Ce qui va me frap­per davan­tage, c’est son rap­port à une sorte de dra­matur­fgie prospec­tive. 

Brux­elles. Un après-midi. Rue du Lom­bard. Il n’y a pas de doute : Michèle et Marc ont joué tous deux un rôle impor­tant dans ce pro­jet, mais Marc me con­firme à plusieurs repris­es que l’idée vient de Michèle. Le pro­pos se résume à peu près à ceci : quand un auteur a écrit ce qui com­mence à ressem­bler à une œuvre, il doit s’at­ta­quer à un mythe. Je suis impres­sion­né ! Un mythe… Inqui­et aus­si. Le sen­ti­ment que la tâche va me dépass­er. Ils me ras­surent. Ils savent de qui ils par­lent. On sait com­bi­en ils sont attachés à des auteurs « à mythes ». Voir le rôle qu’ils vont jouer pour faire con­naître Hein­er Müller en Bel­gique. Un mythe donc. Elle m’ex­plique, donne des exem­ples. C’est vers le mythe de Faust que je me dirige assez vite et assez naturelle­ment :l’intellectuel tra­verse plusieurs de mes pièces. Je lui (leur) dois UN FAUST. C’est décidé. Marc sourit dans sa barbe. Il y a de la lumière dans les yeux de Michèle. En me quit­tant, Marc me dit : « Un auteur, ça doit écrire au moins trente pièces ! »
Dif­fi­cile de ne pas par­ler de Marc quand on rassem­ble quelques sou­venirs forts sur Michèle. Qui a fréquen­té Marc con­naît ses colères. Une sorte de rage le prend par­fois, après minu­it sou­vent. Il règle ses comptes. Il y va quoi ! Autant il peut faire mon­tre d’une extrême ten­dresse, autant il peut être red­outable quand il a la rage. (Les jeunes dis­ent aujourd’hui : la haine.) 

La scène se passe en Nor­mandie. À trois, nous avons lu, com­men­té toute la journée UN HOMME DE COMPAGNIE. Le soir nous dînons, apparem­ment déten­dus. Tout à coup l’or­age éclate. En un éclair Liebens se met en colère. Une colère qu’on dirait com­primée et qui attend son heure. Il crie : « Elle (c’est Michèle) n’écrit pas ! Pas assez ! Mais écris, qu’est-ce que tu attends ! » Michèle ne sait plus où se met­tre. Moi non plus. Timide­ment j’a­vance : « Mais, Marc, enfin, calme-toi, Michèle écrit. » Rien à faire il redou­ble : « Pas assez ! Pas assez ! » Je l’ai rarement vu dans cet état-lä. Elle s’écrase sur sa chaise, mal pré­parée à cette sorte d’ac­cès d’amour-haine. Car il est mal­heureux, bien sûr, je le con­nais suff­isam­ment. Et là je crois com­pren­dre qu’il y a une sorte de pacte entre ces deux êtres, insé­para­bles, là-bas, dans cette grande mai­son, au bout du monde.
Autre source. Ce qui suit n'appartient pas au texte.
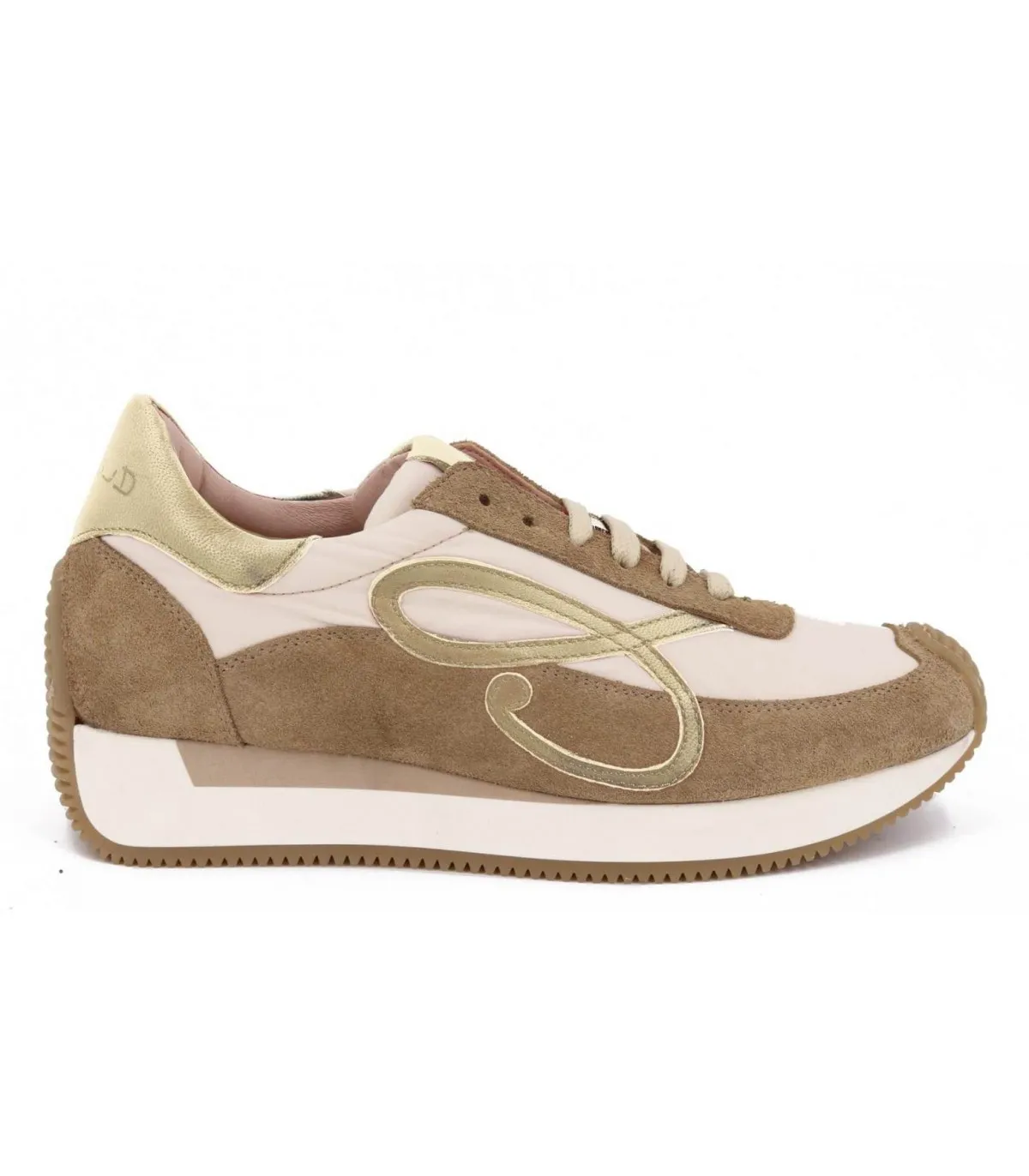 Deportivo combinado en color cuero con metalizado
 Le lende­main Michèle et moi sommes seuls quelques instants. Elle me dit : « Tu sais Jean, il y a tant d’hommes qui ont plaisir à salir les femmes, à les empêch­er de créer, d’ex­is­ter. Marc, lui, n’ar­rête pas de m’en­cour­ager. » Il appa­raît. Ils se regar­dent, se souri­ent. La crise est passée. Oui, elle va écrire, c’est promis, dis­ent ses yeux embués.